On May 26 I sent, in part, the following Email to several famous gurus:
"The recent low in the NDX is [about] a 38.2% decline off the top. The 1987
decline was a 38.2% decline off that top. Each decline lasted two months. The
1987 decline was a fibo five years after the creation of the S&P futures. The
NDX decline was five years after the creation of the NDX futures. The two
crashes are separated by a fibo 13 years."
I posted to the list that day in response to some overwhelmingly bearish
comments:
"FWIW, in the NDX there is a (nearly) two year trendline cutting through near
3000 and so far it's holding on a daily close basis. Moreover, "predicting" a
bear market after a nearly 38% decline (4816 - 38% is +/- 2976) ....snip...
it is wise to let the market tip its hand. Even a bear market bounce could
produce a 1000 point rally (62% of this decline is near NDX 4100)."
Actually 62% is actually closer to 4070, the NDX hit 3990 so far.
First, regarding the gurus: all of them either dismissed "my 38.2" or said
they hadn't even thought about it. If memory serves me, sentiment in the
press, the list, gurus, etc., around that low was very bearish. I'm not aware
of anyone publicly mentioning it was a big fibo pattern, nor any resemblance
to 1987. My point is this: markets make big turns when the greatest number of
traders are NOT expecting it.
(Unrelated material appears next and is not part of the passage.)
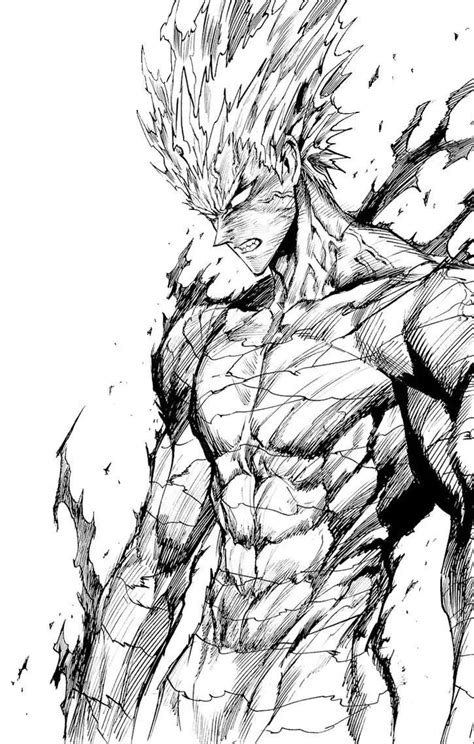 Opm Garou One Punch Man Manga One Punch Man One Punch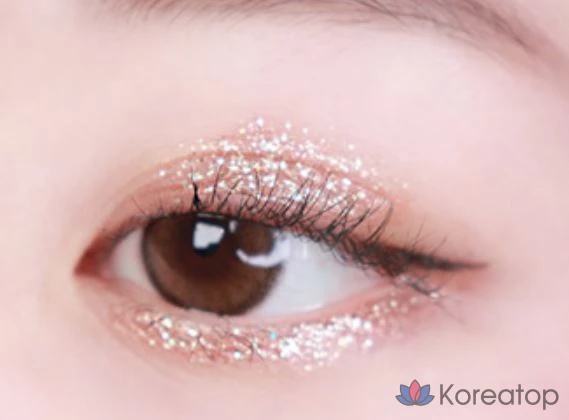Тинт для век Holika Holika Eye Metal Glitter, оттенок 01 Stellardust, 1 шт., фото 2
Most traders are wrong at the big turns: it is
their panic to get out / catch up that fuels those moves. Most traders lose,
they don't catch the big turns, they fade them. When systems and methods
become too popular they stop working.
I agree with Bob and Kent that it is difficult to code or otherwise use fibos
in a "scientific" manner. I do not use them in systems, and I do use systems
to trade.
Most of my systems are based in short term price patterns. Nonetheless, I do
take note of what I perceive to be important fibos, in combination with price
patterns, and may adjust my stops, position size, etc., accordingly.
I agree that the exact science of fibos in the market is not clear cut, but
you only need contemplate your navel (we are about 62% from the navel down to
our feet, 38% from the navel to the top of our heads), or the structure of
your hands and arms (each joint relates to the next by the fib ratio), to see
the growth patterns of the Universe reflected in Man. It is a small leap to
assume the market is a reflection of us.